The organization also called the crash a symptom of disinvestment in City Council District 42, where there have been a combined 3,209 traffic injuries and deaths since 2020, more than any other Council district in the city. City Council Member Charles Barron, who represents the 42nd District and told Streetsblog in March that traffic violence was “at the top of my agenda,” agreed with TransAlt’s assessment that Linden and Pennsylvania should get urgent treatments matching their designations as DOT priority corridors.

“More needs to be done, especially if you designate this area a priority zone,” Barron said. “We’ve spoken to [DOT] in the past and we will definitely be speaking to them again and doing more than speaking. We’re going to put some pressure on, because this needs to stop, because accidents like this can be avoided.”

Barron got backup from Brooklyn Community Board 5 Transportation Committee Chairman Wilfredo Florentino, who asked the city to take a second look at every major artery in the neighborhood.

“Pennsylvania Avenue and Linden Boulevard are among the most dangerous corridors within not just Community Board 5 but the whole city,” he said. “DOT must look at the major corridors that run through our community as they are where we see the most fatalities.
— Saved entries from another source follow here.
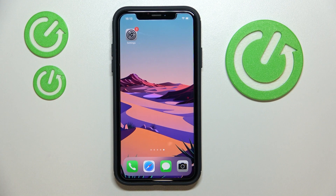Hello everybody! In today's video we would like to show how you can do fractions on an iPhone standard calculator.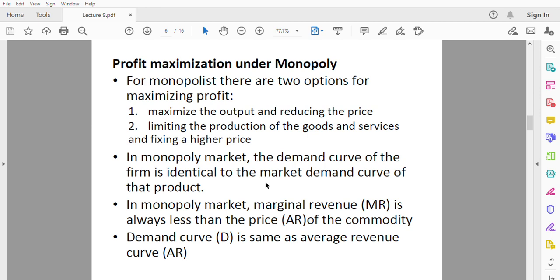In a monopoly market, the demand curve of the firm is identical to the market's demand curve of that product. The market demand curve is a combination of all individual demand curves, but since the monopolist is the only producer, his demand curve is identical to the market demand curve. Also, in a monopoly market, marginal revenue is always less than the price or the average revenue. In perfect competition, marginal revenue equals average revenue — that is not the case with a monopolist.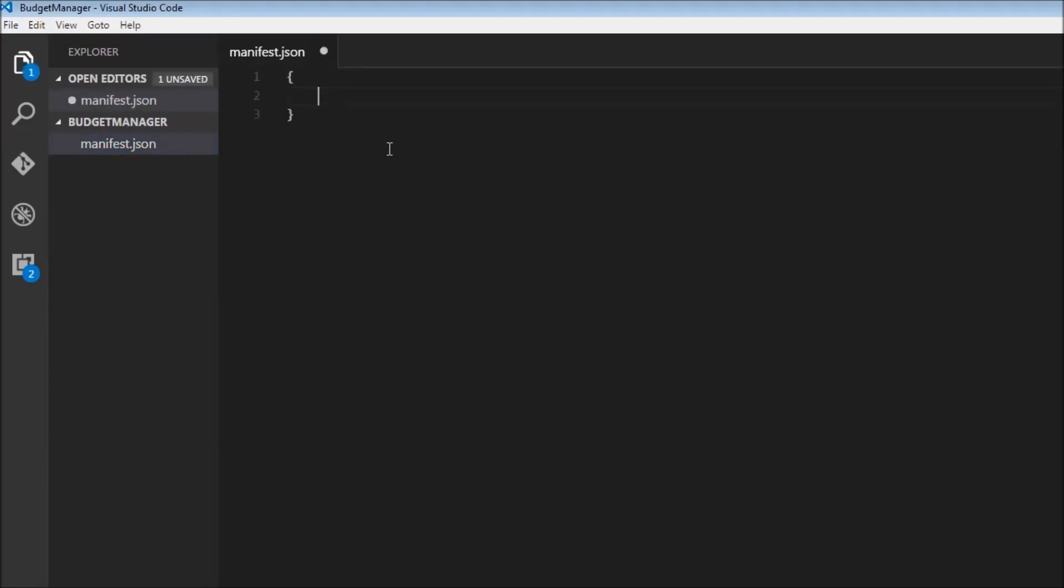We start off with a pair of curly braces. Then we start with manifest_version, and this is going to be two. Then we have the name for our extension, which is going to be Budget Manager.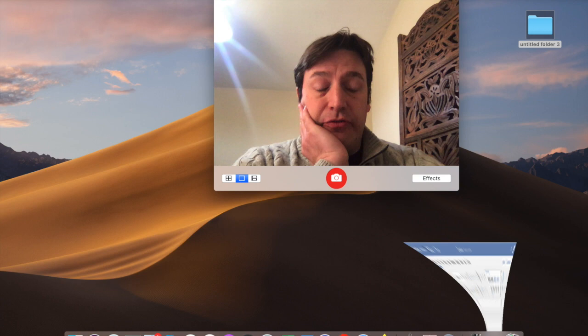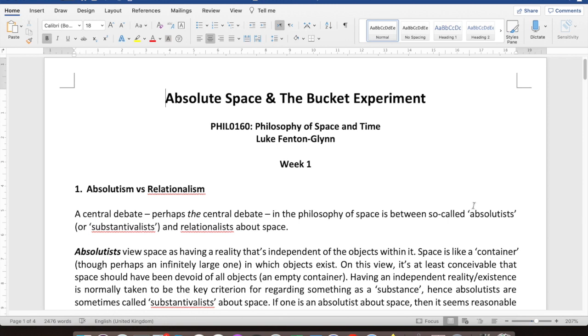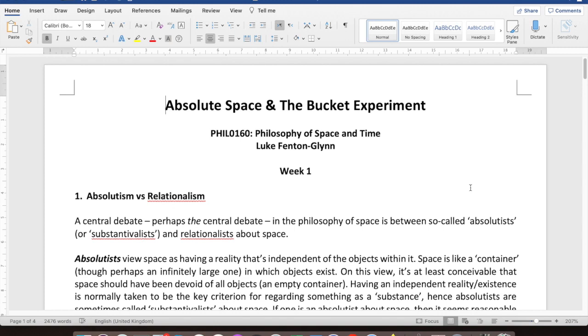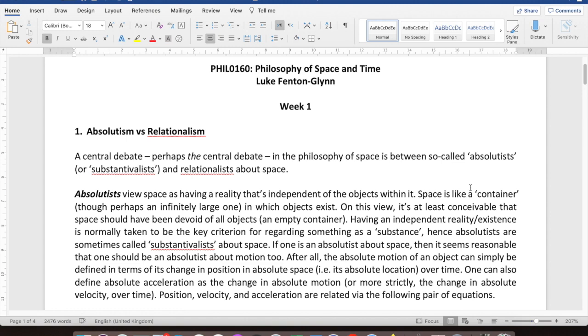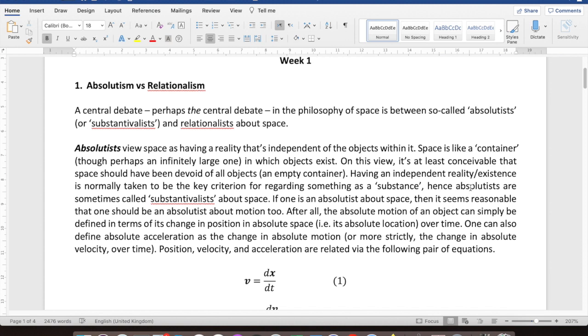I've said a bit briefly already about what absolutism and relationalism are. This is perhaps the central debate in the philosophy of space. The absolutist regards space as a thing in its own right — it has independent existence from the objects or other things that might inhabit that space.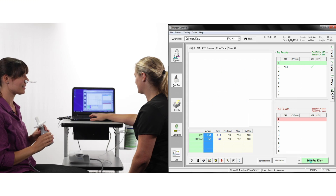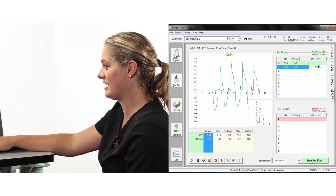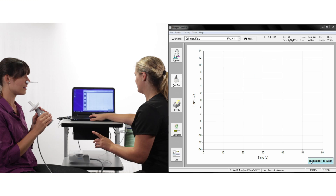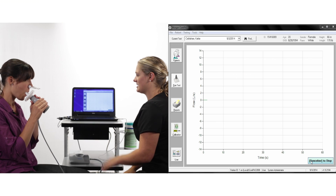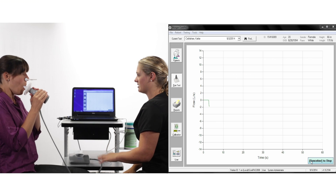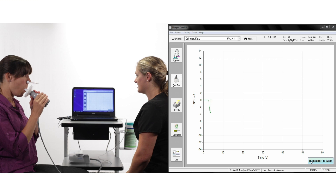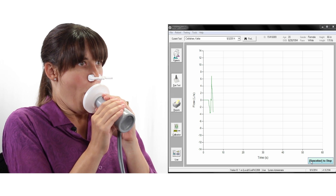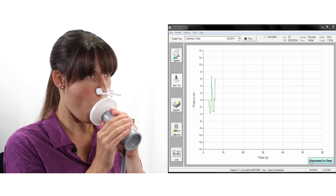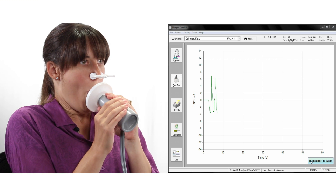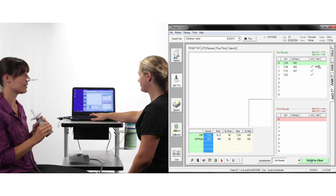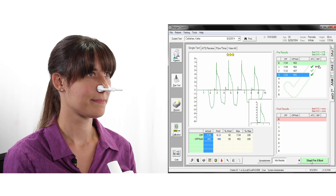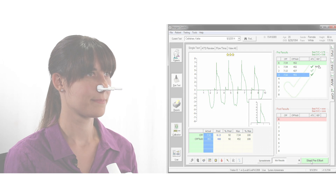This can be repeated on the same screen, capturing several maximal cough efforts. Once complete, press the space bar to end the test. Compass will automatically report the highest cough peak flow that has been recorded.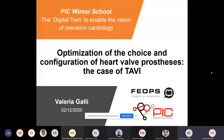Good morning, everyone. I'm Valea Galli and I'm currently employed at FIUPS and part of PIC as of mid-2019. Today I'm going to talk to you about the optimization of the choice and configuration of heart prosthesis, and the case of TAVI more specifically.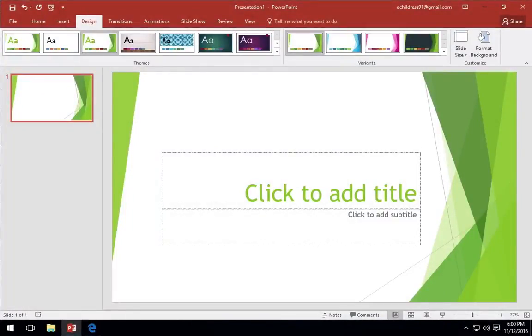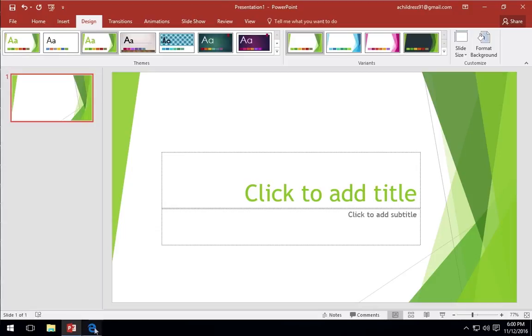So you have a big presentation coming up and you want your PowerPoint slides to look great. The built-in themes just aren't going to cut it. The good news is that it's quick and easy to add custom themes to PowerPoint for a unique look.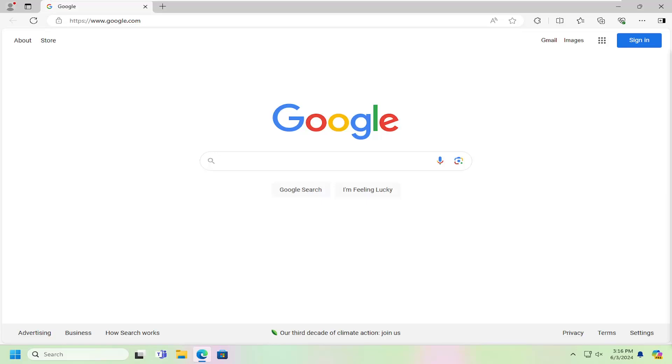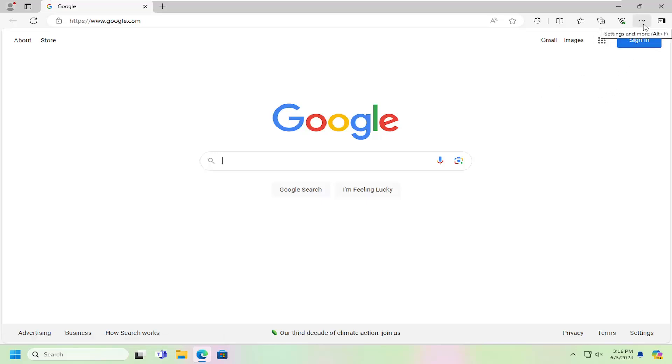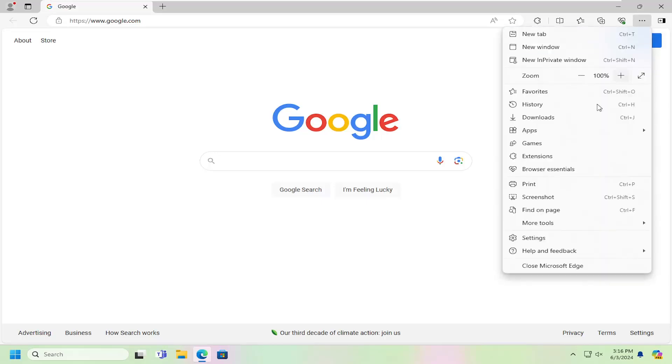This should be a pretty straightforward process. Without further ado, let's jump right into it. All you have to do is select the menu icon at the top right corner of the Microsoft Edge web browser that says 'Settings and more' when you hover over it, and then select Settings.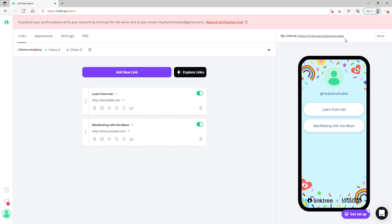This is your Linktree link — literally copy this. It's linktree.ee forward slash your username — like 'Misha Motivates' — and then add that to your Instagram bio. Anytime you have something for sale or want someone to dive in deeper, you say 'click link in bio.' When they click it, they'll see 'Learn from Me,' 'Manifesting with the Moon,' 'Pet Portrait Class,' or whatever it is. Make sure your title is specific to what you're trying to get people to click on.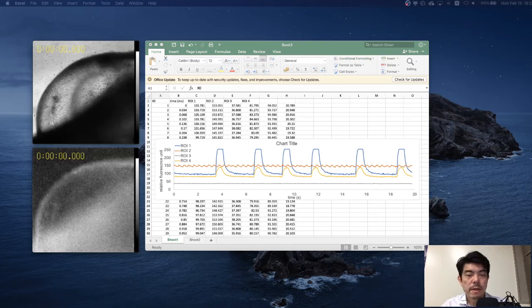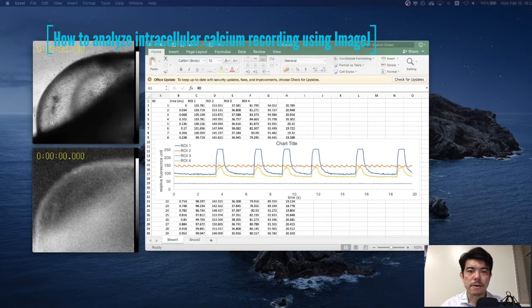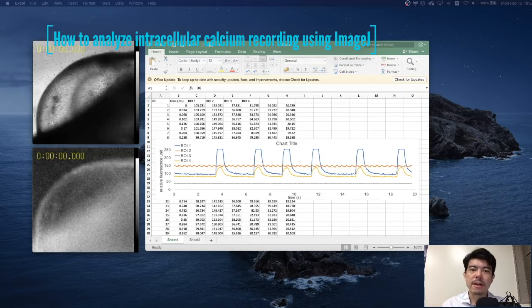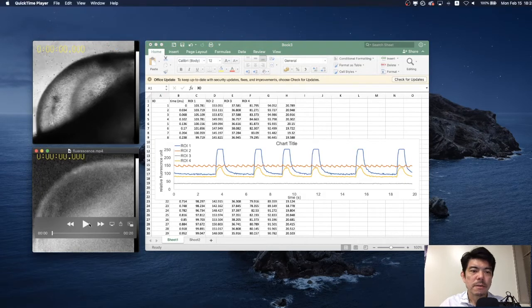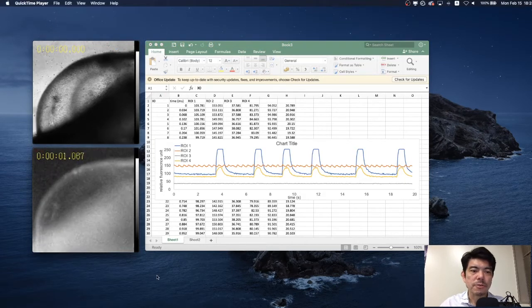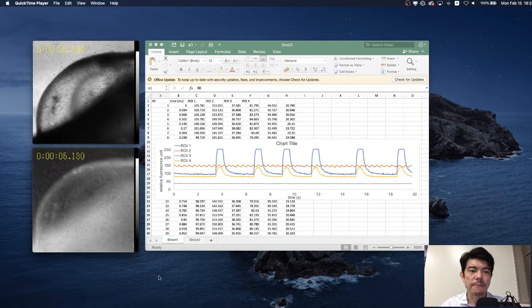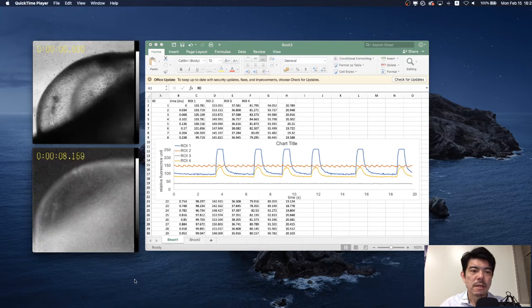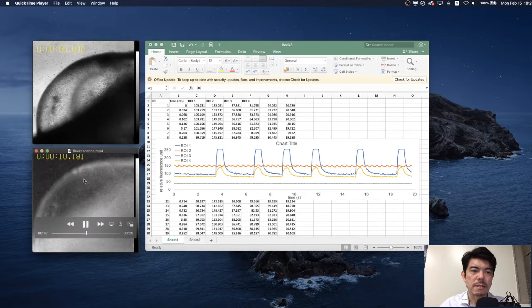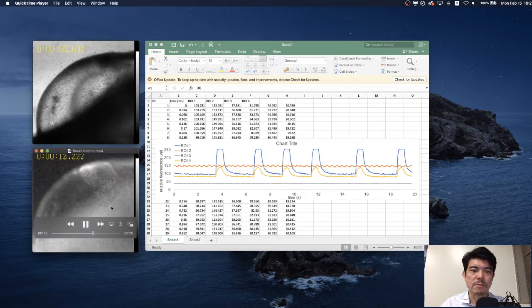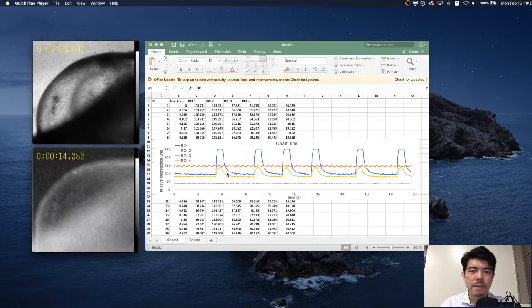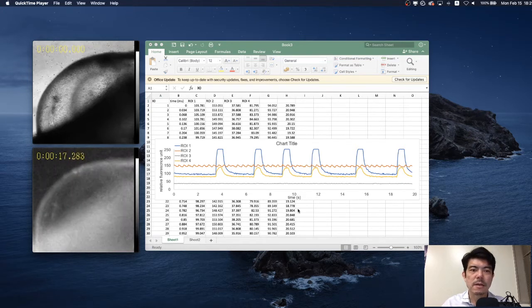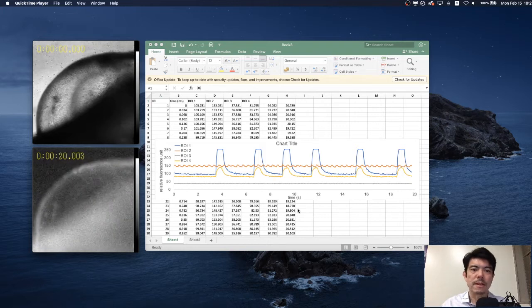Okay, today I'm going to show you how to analyze the fluctuation of the intracellular calcium level using ImageJ. Here we have the recording of the intracellular calcium level from some sample. Here we can see the nice fluctuation of the intracellular calcium level and this is the final result of the analysis. Today I'm going to show you how to do this analysis using ImageJ.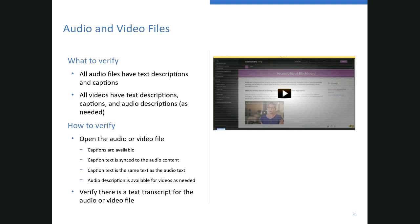Audio description should be available for videos as needed. An example: when Netflix released Daredevil — about a blind lawyer — they didn't add audio description, and the blind community went into an uproar. Daredevil now has audio description. Also make sure you have a text transcript for audio and video files. Text transcripts help those with deafblindness, users with cognitive impairments who may struggle to follow along, and visually and hearing-impaired users.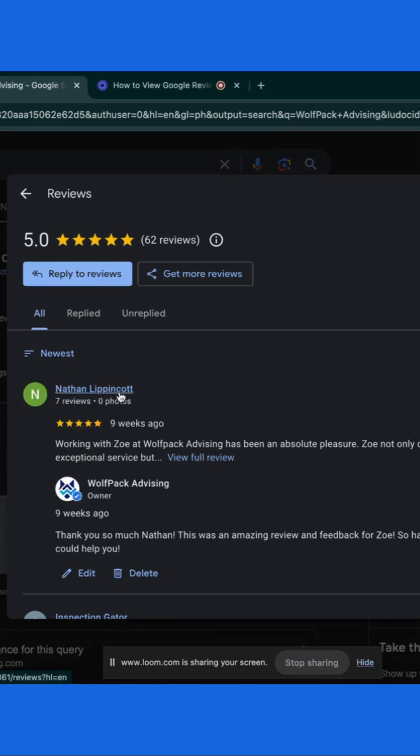You can also click on a reviewer's name to view their profile, see their other reviews, and understand their perspectives better.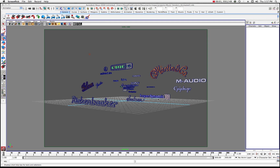Welcome to another tutorial in Maya. This time we're going to be taking a look at logos and how to create logos from Illustrator files. This is probably one of the coolest things Maya can help you with — to build quick 3D logos.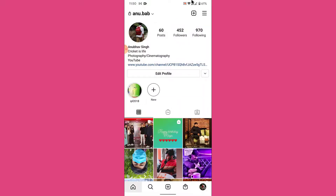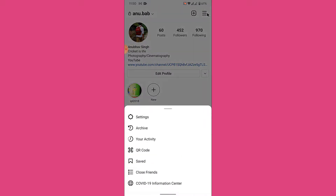Once you tap on the profile icon on the bottom right corner of your screen, you land on your profile page. Here, what you want to do is tap on the three bars on the top right corner. From the drop-down menu, to see all the websites that you have visited till date in your Instagram account, tap on the "Your Activity" option.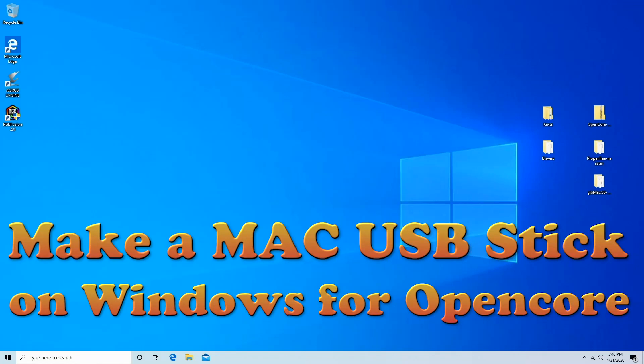Hello everybody, this is Technoli and today we're going to do that video where you can make your own Mac OS boot installer on Windows.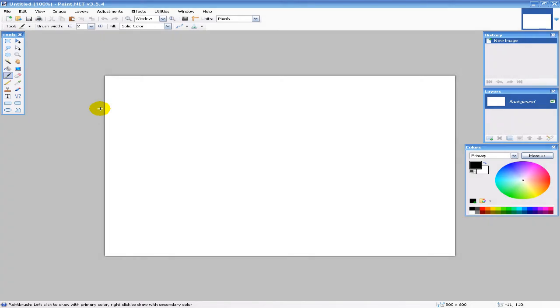Hello everyone, this is Eatsleep here from The Techies, and today I'm going to go over the basics of Paint.NET.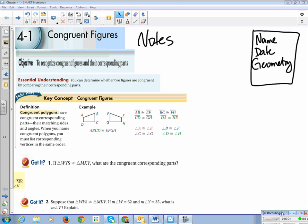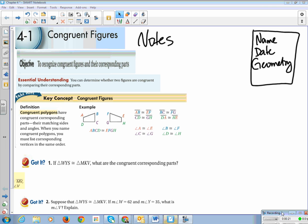This is Geometry, Chapter 4, Section 1, called Congruent Figures. These are notes — make sure to include the proper title if you are handing them in. Make sure you put the learning objective on there too. The objective is to recognize congruent figures and their corresponding parts.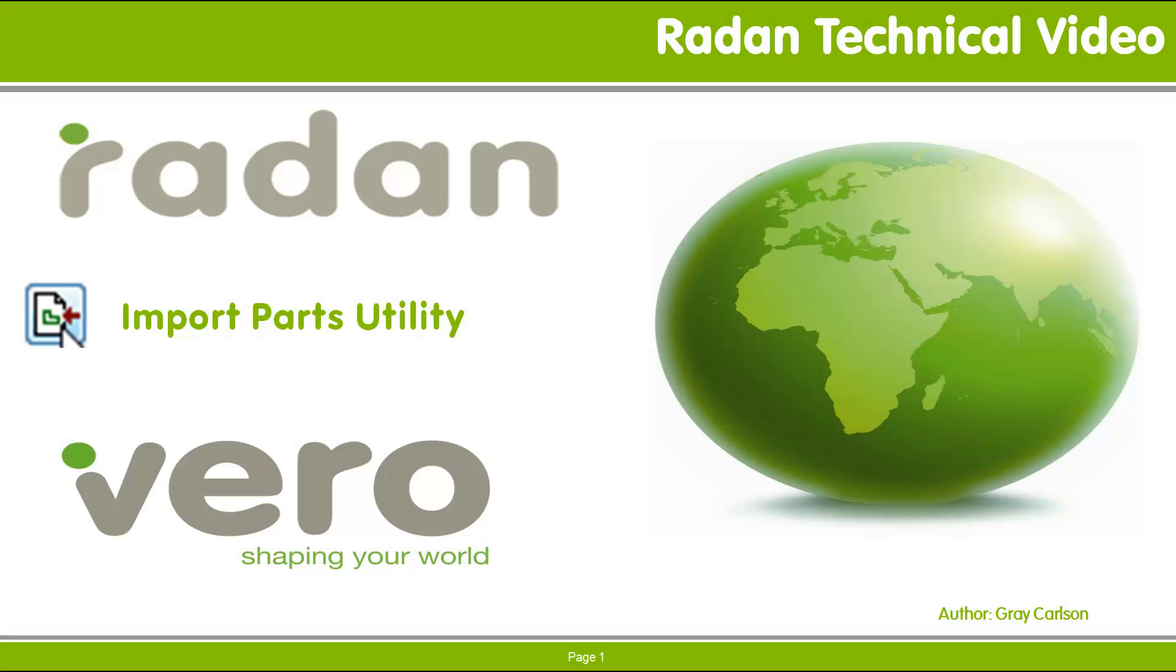Hi, and welcome to another RADIAN technical video. This tech video looks at the import utility, which provides the ability to convert 2D DXF and DWG files into RADIAN part SIMIL files and add the SIMIL files to the NES schedule.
Our community is resolute about the need for a streets census, with real and implementable solutions.”

Linden Boulevard as a whole is more or less an at-grade, 150-foot-wide, 11-lane highway running through Brooklyn. The DOT began a corridor-wide safety project on the boulevard in 2015, one that focused on building pedestrian refuges, signalized left turns, updated street markings and upgraded bus stops between Kings Highway and 78th Street, but the road has remained a crash zone.

The last update to the corridor-length project is from 2018, promising more work to be done in 2019. Between January 2019 and July 2022, there have been 2,038 crashes on Linden between Kings Highway and 78th Street according to CrashMapper, or 1.5 per day. Of those, 689 crashes caused injuries to 44 cyclists, 93 pedestrians, 900 motorists and killed 2 cyclists, 5 pedestrians and 1 motorist. In the 42 months before that, between July 2015 and December 2018, there were 3,005 crashes on the same stretch of Linden, about 2.5 crashes per day, that injured 35 cyclists, 110 pedestrians and 1,167 motorists and killed 3 pedestrians and 4 motorists.

Pennsylvania Avenue is similarly monstrous, a 78-foot wide, 7-lane street, though the DOT has at least installed leading pedestrian intervals at every intersection between Pitkin Avenue and Hegeman Avenue, which is one block north of Hegeman.

According to the DOT, traffic deaths have dropped in District 42 through August 30 compared to the last two years, with 4 in 2022 compared to 10 deaths in 2020 and then 6 deaths through the same time last year. The agency also said that work on Linden Boulevard was continuing.

“Every loss of life on our streets is a preventable tragedy,” said agency spokesperson Vin Barone. “This administration has invested a historic $900 million toward redesigning our streets to support safe transit and bike infrastructure and additional pedestrian space—all with an explicit equity focus to ensure we are delivering this life-saving work to all corners of the city.”